THE old playground jibe "sticks and stones may break my bones, but names will never hurt me" could easily have been coined just for Mixu Paatelainen.

The Hibs boss has found himself the target of much vitriol following his side's Homecoming Scottish Cup exit at the hands of Capital rivals Hearts, with some fans going as far as to demand that the Finn leave Easter Road either by force or through his own volition.

But, to paraphrase former Prime Minister Margaret Thatcher, Paatelainen today made it clear he is not for turning, that while he hears the voices of dissent he isn't listening.

Don't get Paatelainen wrong, he's hurting just as much as every other Hibs supporter but he remains convinced that, a year into the job, the rebuilding process he set in place when he succeeded John Collins will continue under his guidance.

The fallout after Sunday's disappointment has created an atmosphere of negativity, one which Paatelainen views, somewhat paradoxically, is borne out of fans' positive feelings for the club.

In an exclusive interview with the Evening News, he said: "The fans are desperate for Hibs to do well, as we all are. They believe, as do the supporters of every other club, that they have the God-given right to win every week. Unfortunately, football doesn't work like that.

"They think the players and me aren't disappointed when we are beaten but that is not the attitude here. Hibs are very close to my heart, everyone who knows me knows that.

"So if anyone is disappointed when we do not win it's me – and on top of that it is my job."

Twelve months into that particular post and some question whether there has been any progress made under Paatelainen, his side having fallen at the first hurdle in both cup competitions and currently sixth in the SPL table.
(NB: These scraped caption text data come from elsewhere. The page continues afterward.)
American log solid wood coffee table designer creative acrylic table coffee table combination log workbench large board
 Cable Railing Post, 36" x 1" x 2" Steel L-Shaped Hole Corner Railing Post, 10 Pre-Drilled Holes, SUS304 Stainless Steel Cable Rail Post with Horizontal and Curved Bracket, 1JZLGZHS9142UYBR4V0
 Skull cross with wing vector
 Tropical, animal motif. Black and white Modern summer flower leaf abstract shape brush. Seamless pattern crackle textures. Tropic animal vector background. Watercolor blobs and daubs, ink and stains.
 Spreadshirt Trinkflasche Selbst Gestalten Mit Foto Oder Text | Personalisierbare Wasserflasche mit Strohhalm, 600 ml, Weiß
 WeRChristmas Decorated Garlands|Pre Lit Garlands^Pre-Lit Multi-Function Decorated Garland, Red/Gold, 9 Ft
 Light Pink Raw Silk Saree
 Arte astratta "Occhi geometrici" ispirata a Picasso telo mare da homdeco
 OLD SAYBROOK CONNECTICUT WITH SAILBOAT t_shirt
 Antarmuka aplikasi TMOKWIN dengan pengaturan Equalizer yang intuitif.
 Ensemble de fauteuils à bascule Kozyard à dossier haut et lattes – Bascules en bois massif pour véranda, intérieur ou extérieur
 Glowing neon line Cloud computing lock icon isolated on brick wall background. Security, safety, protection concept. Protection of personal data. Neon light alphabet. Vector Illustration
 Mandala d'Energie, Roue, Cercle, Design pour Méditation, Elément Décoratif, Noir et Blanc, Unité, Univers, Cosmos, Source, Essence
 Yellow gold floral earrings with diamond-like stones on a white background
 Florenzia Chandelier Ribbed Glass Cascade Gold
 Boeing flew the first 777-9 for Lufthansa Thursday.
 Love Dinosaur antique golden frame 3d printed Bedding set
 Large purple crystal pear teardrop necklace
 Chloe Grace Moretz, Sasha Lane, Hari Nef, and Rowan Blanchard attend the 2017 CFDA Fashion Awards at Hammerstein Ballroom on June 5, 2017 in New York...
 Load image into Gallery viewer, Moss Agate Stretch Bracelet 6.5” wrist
However, he counters by pointing out Hibs were eighth, with just one win in 12 matches, prior to him becoming the surprise choice to take over the Easter Road hotseat following Collins' shock departure. And he claimed the scale of rebuilding Hibs has been vastly underestimated by some. He said: "When I came in I realised it was not right, you don't go that long without a win unless there's a massive problem.

"I'd love to have the likes of Scott Brown, Kevin Thomson, Steven Whittaker, Garry O'Connor and Gary Caldwell here, to have Merouane Zemmama, Guillaume Beuzelin and David Murphy.

"But they are no longer here, that's a fact, and that's why the level of performance week in, week out is not what it was in those days. People should understand a rebuilding process takes time.

"It happens at every club but I cannot remember many clubs which lost ten or 12 quality, top-class players in such a short space of time. To replace that and get the quality up to standard that gives you consistency and the level of performance everyone enjoys week in, week out takes time.

"That motivates me, makes me work even harder and that is what I am doing."

To that end, Paatelainen has been active throughout the three transfer windows which had opened during his tenure to date with, he accepts, varying degrees of success, a situation he insists isn't unique to Hibs.

He said: "There's always an element of risk with every transfer. Some are successes, some are not. Did it happen for Diego Forlan at Manchester United? No, but he goes to Spain and suddenly the goals start coming.

"When you have an established quality team, the Manchester Uniteds, Real Madrids and Barcelonas only take one or two players a year into their squad. If it doesn't work out no-one says anything because the successful players keep playing and keep the performances right.

"But, if you take in seven players at a time as we did last summer, then there are always going to be a few for whom it does not happen. Then you make decisions and move on, that's the way of football."

To underline his point, Paatelainen recalled when he joined Hibs from Wolves in 1998. He said: "The club was sixth in the First Division, had just been beaten 4-0 by St Johnstone and, in my first match, we lost 2-0 to St Mirren.

"I thought . . ." His voice trails away, the grimace on his face telling you exactly how he felt. But he continues: "At one stage we had something like 40 players, it was amazing.

"Alex McLeish built a very good team but it took two-and-a-half years, players came and went until the jigsaw was complete."

It was during those years Paatelainen developed an affinity with Hibs which far outweighs his feelings for his other former clubs, Dundee United, Aberdeen, Bolton Wanderers and Wolves, although at each he generated a close bond with fans.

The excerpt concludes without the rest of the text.